<<<<

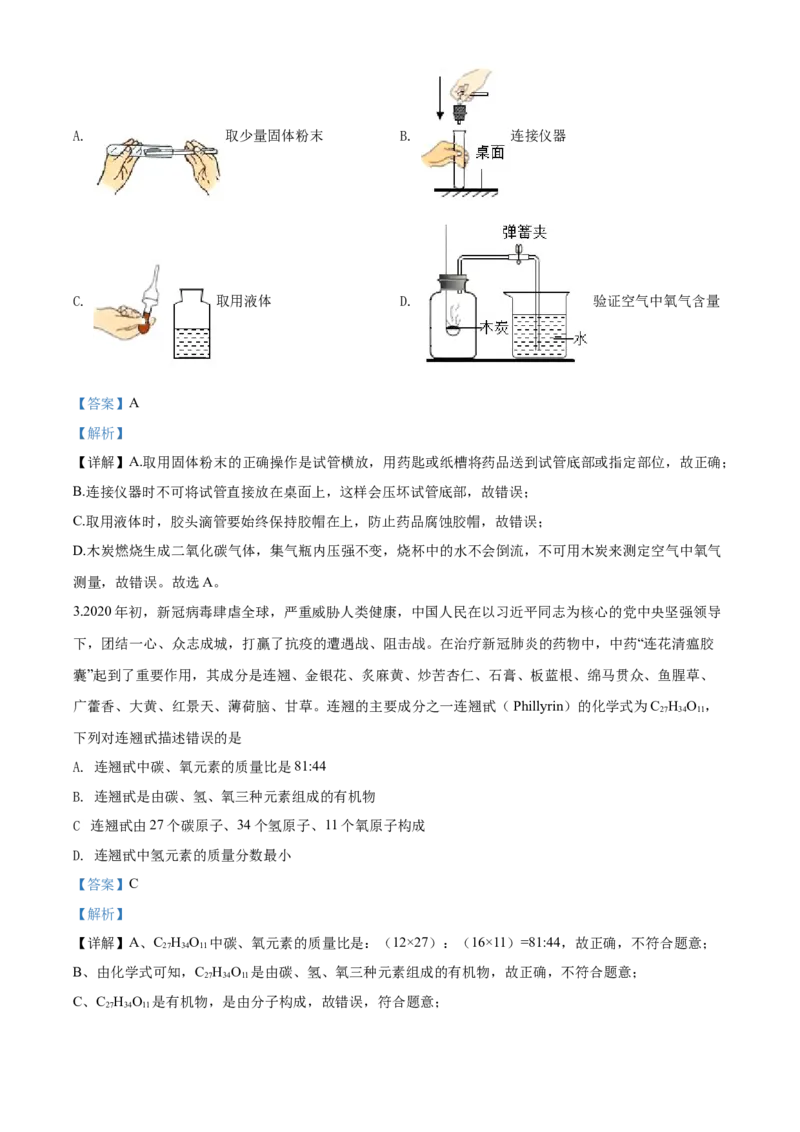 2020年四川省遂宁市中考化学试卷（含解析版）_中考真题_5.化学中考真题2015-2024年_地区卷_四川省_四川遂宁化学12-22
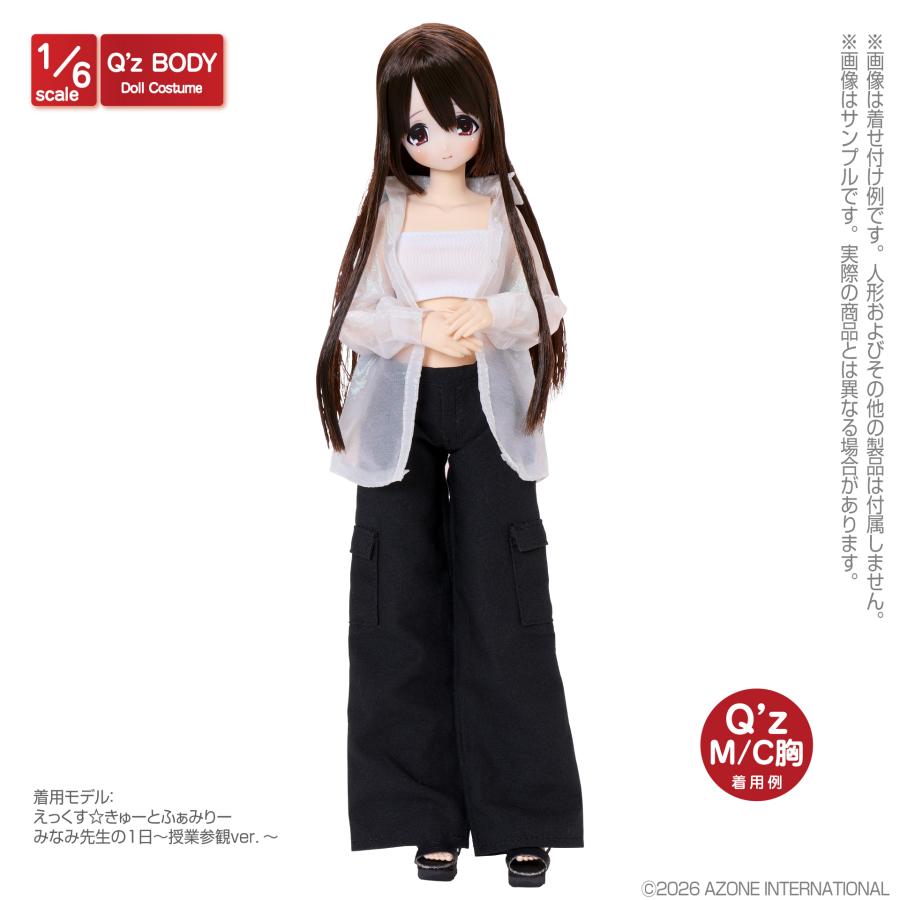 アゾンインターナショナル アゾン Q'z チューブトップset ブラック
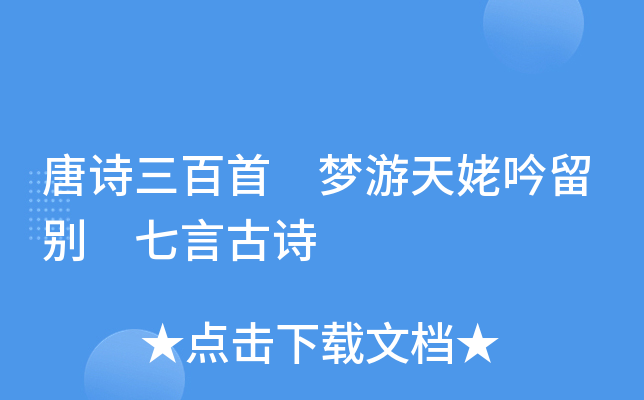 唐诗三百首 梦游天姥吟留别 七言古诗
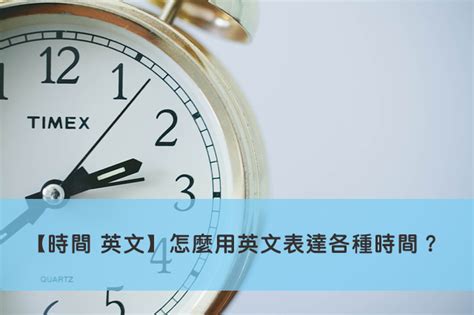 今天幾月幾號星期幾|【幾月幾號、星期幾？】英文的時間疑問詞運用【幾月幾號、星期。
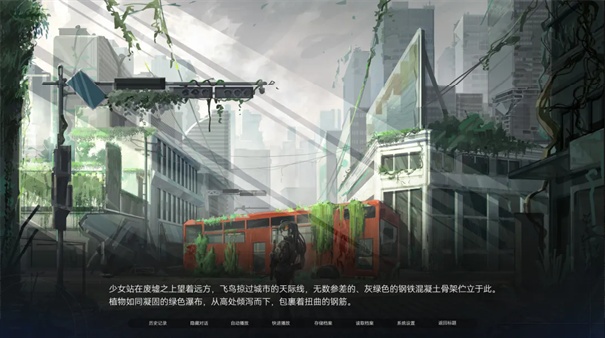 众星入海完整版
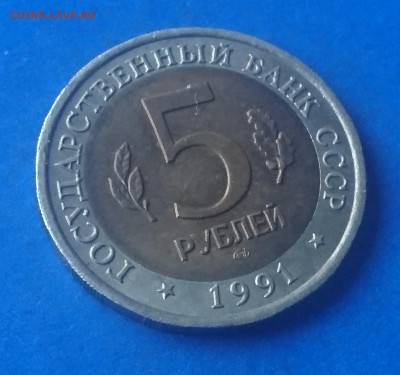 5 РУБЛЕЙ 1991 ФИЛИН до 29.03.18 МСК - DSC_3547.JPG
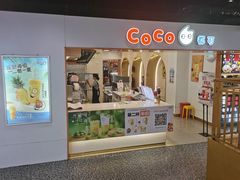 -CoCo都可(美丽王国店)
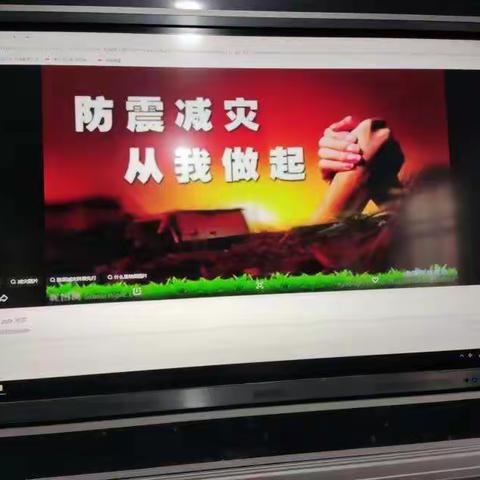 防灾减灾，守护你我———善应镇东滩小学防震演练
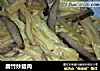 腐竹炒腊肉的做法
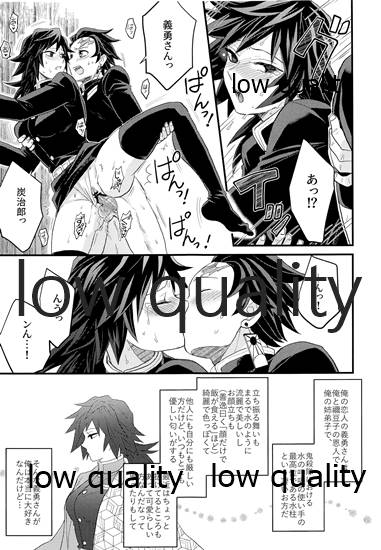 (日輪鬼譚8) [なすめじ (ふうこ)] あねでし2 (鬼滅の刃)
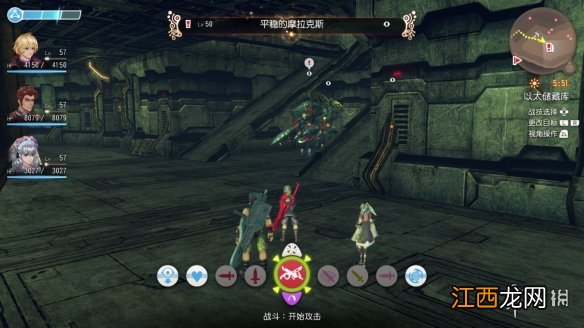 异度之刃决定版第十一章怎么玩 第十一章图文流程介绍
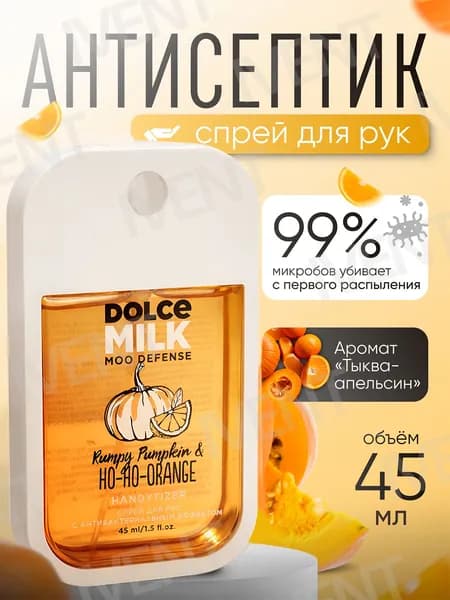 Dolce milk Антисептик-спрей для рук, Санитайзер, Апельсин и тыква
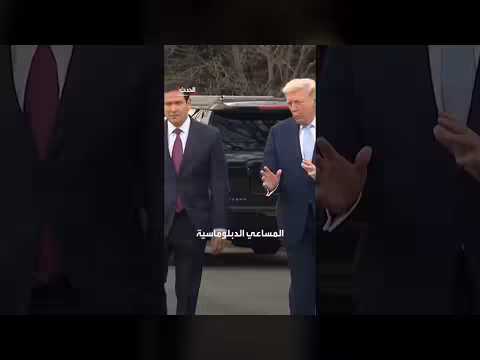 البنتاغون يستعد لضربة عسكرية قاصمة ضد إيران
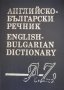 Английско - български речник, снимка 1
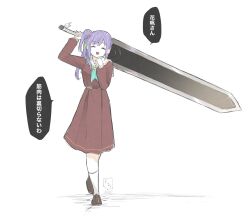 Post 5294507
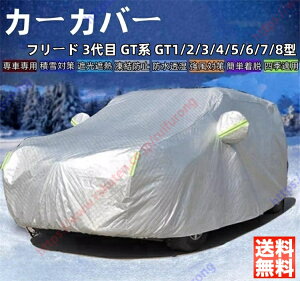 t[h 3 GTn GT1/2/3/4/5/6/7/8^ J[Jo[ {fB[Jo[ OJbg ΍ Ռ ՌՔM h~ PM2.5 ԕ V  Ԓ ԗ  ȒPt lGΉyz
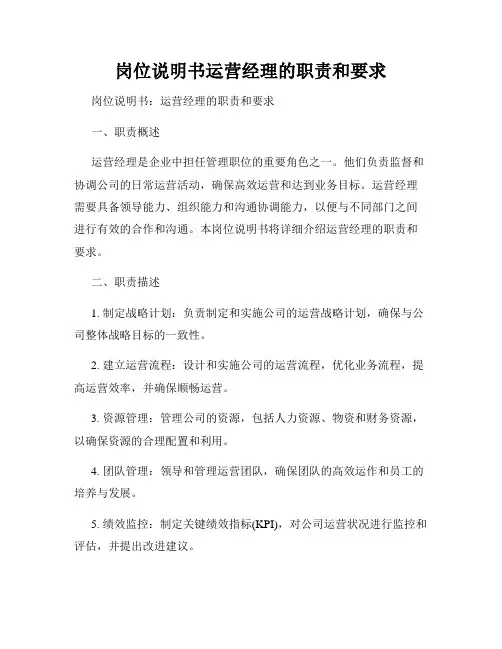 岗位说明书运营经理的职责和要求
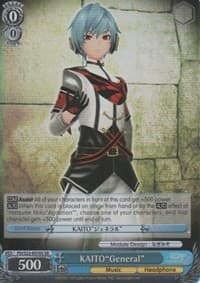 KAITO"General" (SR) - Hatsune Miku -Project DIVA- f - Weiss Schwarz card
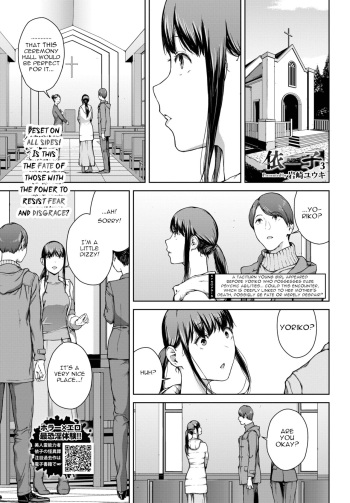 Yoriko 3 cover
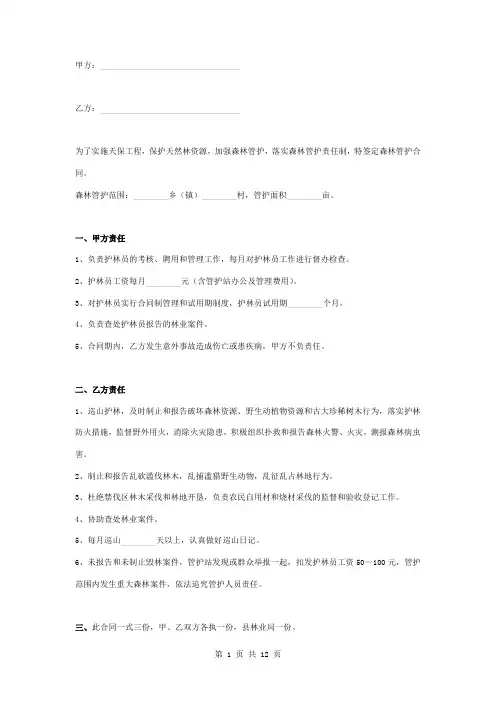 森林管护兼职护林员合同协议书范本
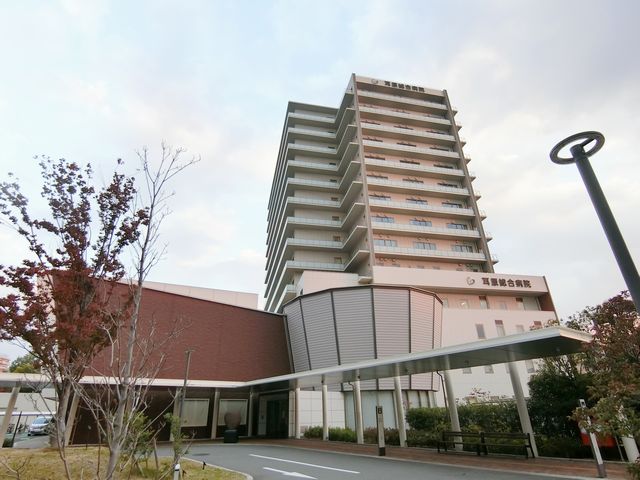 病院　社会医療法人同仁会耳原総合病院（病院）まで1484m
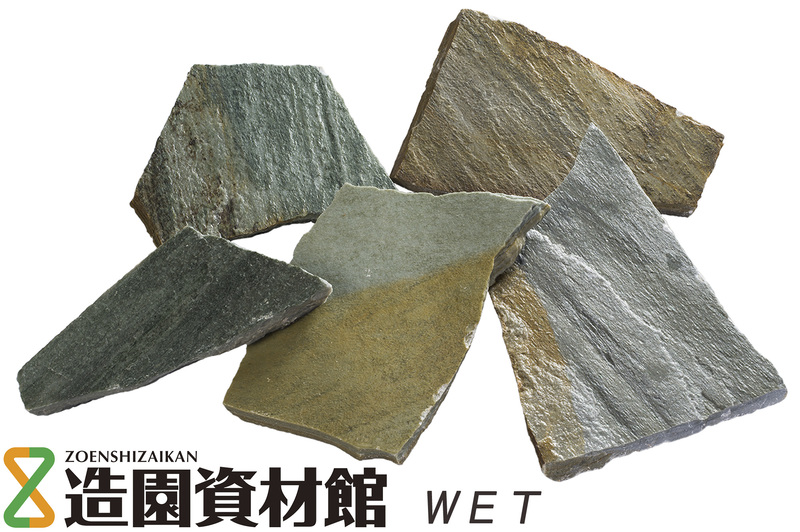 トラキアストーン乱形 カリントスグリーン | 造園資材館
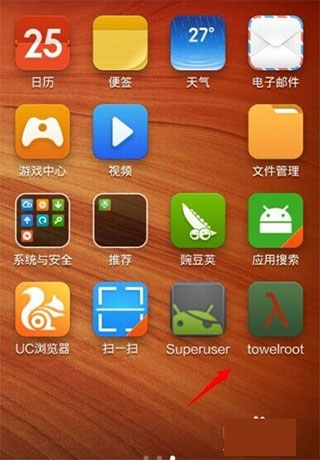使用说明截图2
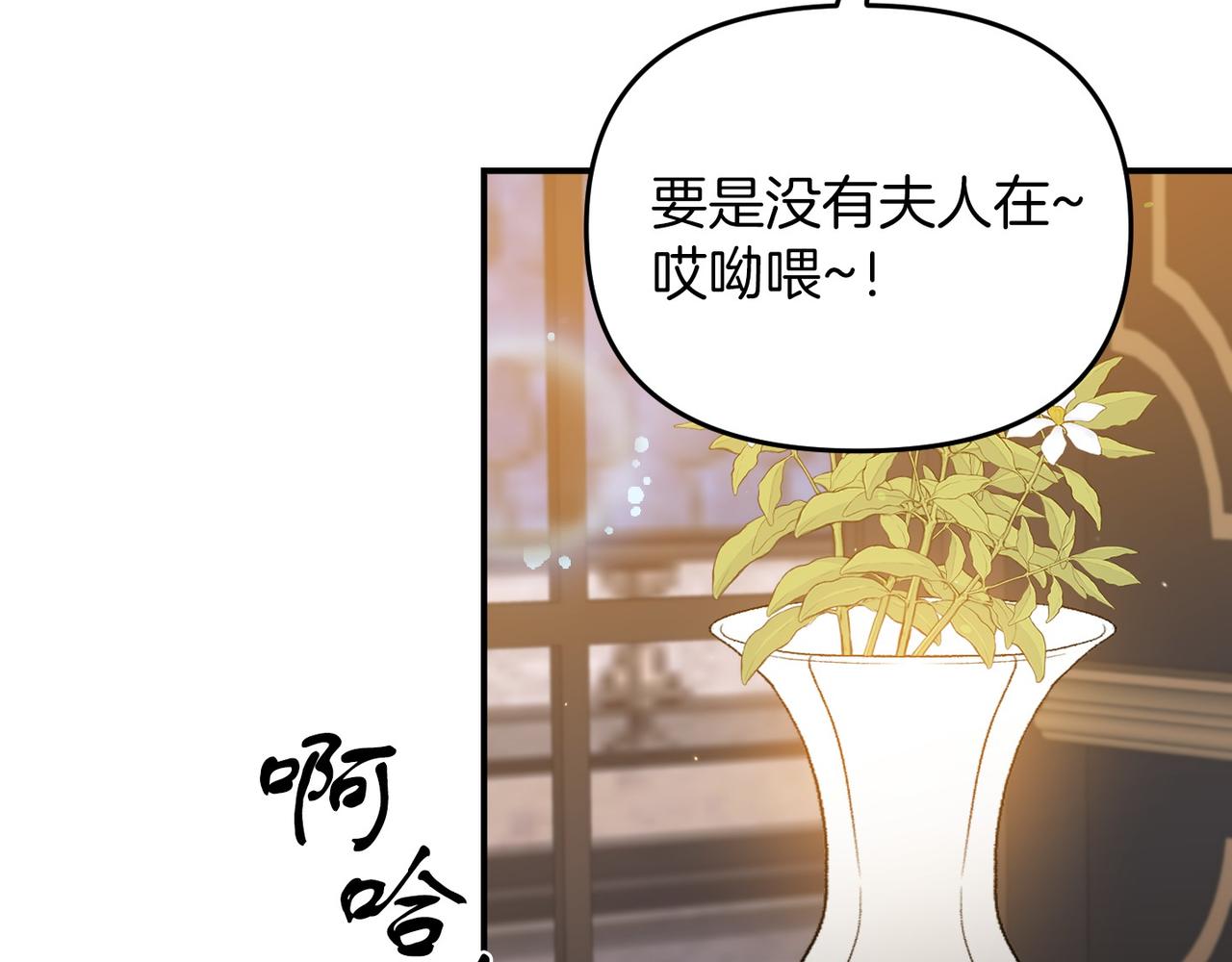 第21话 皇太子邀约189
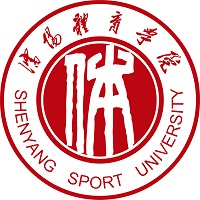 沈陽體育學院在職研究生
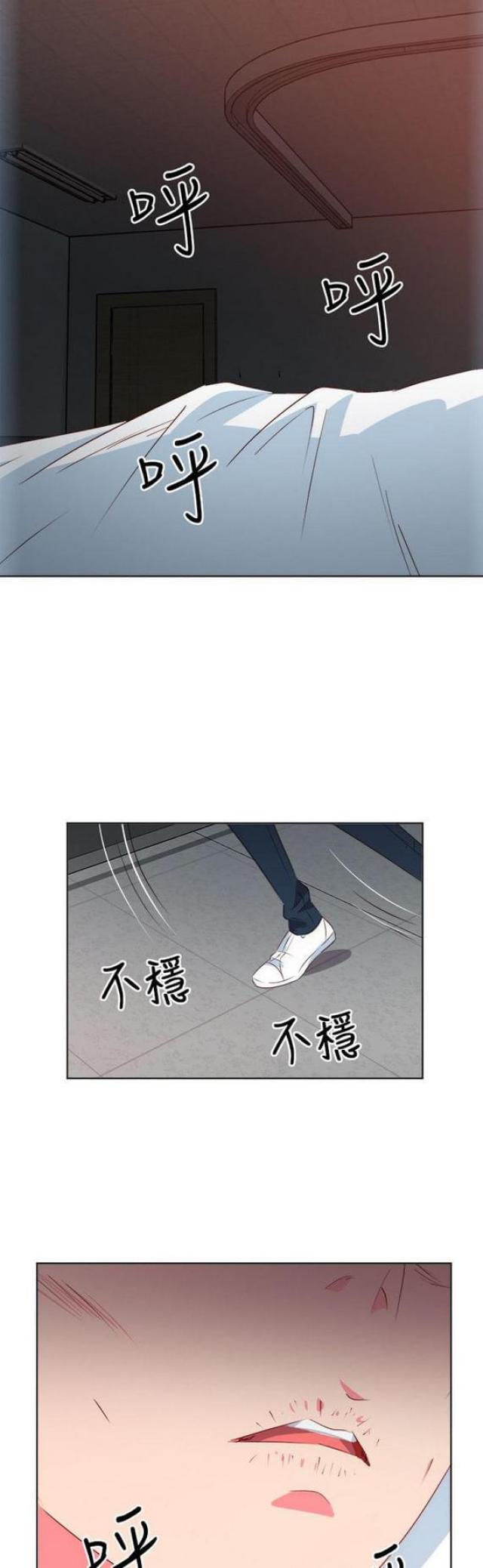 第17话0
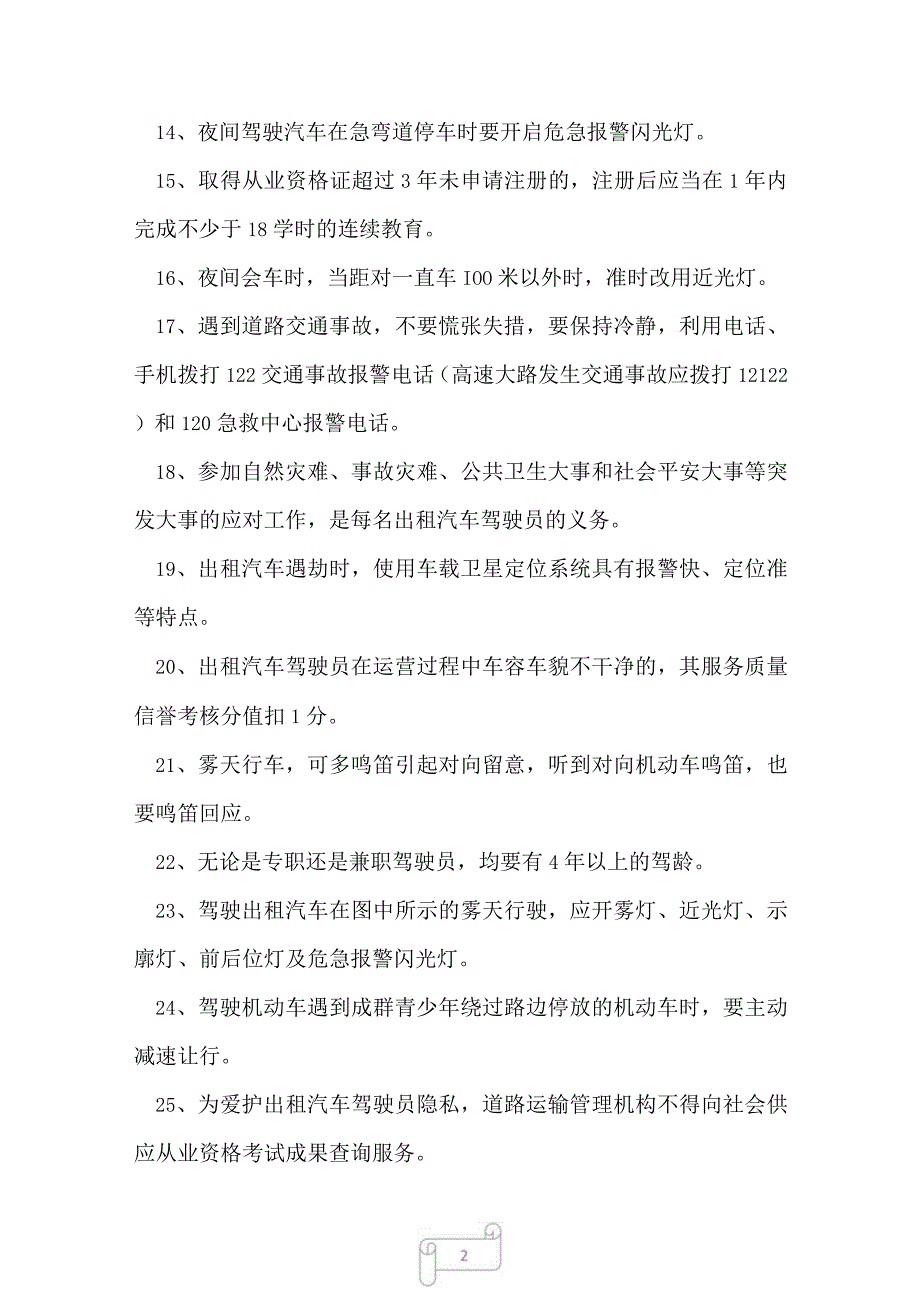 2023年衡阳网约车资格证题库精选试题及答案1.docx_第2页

>>>>

▸ Work to complete:
The data needs to be reproduced exactly, please, apart from its pictures.

▸ Answer to the problem:
 2020年四川省遂宁市中考化学试卷（含解析版）_中考真题_5.化学中考真题2015-2024年_地区卷_四川省_四川遂宁化学12-22
 アゾンインターナショナル アゾン Q'z チューブトップset ブラック
 唐诗三百首 梦游天姥吟留别 七言古诗
 今天幾月幾號星期幾|【幾月幾號、星期幾？】英文的時間疑問詞運用【幾月幾號、星期。
 众星入海完整版
 5 РУБЛЕЙ 1991 ФИЛИН до 29.03.18 МСК - DSC_3547.JPG
 -CoCo都可(美丽王国店)
 防灾减灾，守护你我———善应镇东滩小学防震演练
 腐竹炒腊肉的做法
 (日輪鬼譚8) [なすめじ (ふうこ)] あねでし2 (鬼滅の刃)
 异度之刃决定版第十一章怎么玩 第十一章图文流程介绍
 Dolce milk Антисептик-спрей для рук, Санитайзер, Апельсин и тыква
 البنتاغون يستعد لضربة عسكرية قاصمة ضد إيران
 Английско - български речник, снимка 1
 Post 5294507
 t[h 3 GTn GT1/2/3/4/5/6/7/8^ J[Jo[ {fB[Jo[ OJbg ΍ Ռ ՌՔM h~ PM2.5 ԕ V  Ԓ ԗ  ȒPt lGΉyz
 岗位说明书运营经理的职责和要求
 KAITO"General" (SR) - Hatsune Miku -Project DIVA- f - Weiss Schwarz card
 Yoriko 3 cover
 森林管护兼职护林员合同协议书范本
 病院　社会医療法人同仁会耳原総合病院（病院）まで1484m
 トラキアストーン乱形 カリントスグリーン | 造園資材館
使用说明截图2
 第21话 皇太子邀约189
 沈陽體育學院在職研究生
 第17话0
 2023年衡阳网约车资格证题库精选试题及答案1.docx_第2页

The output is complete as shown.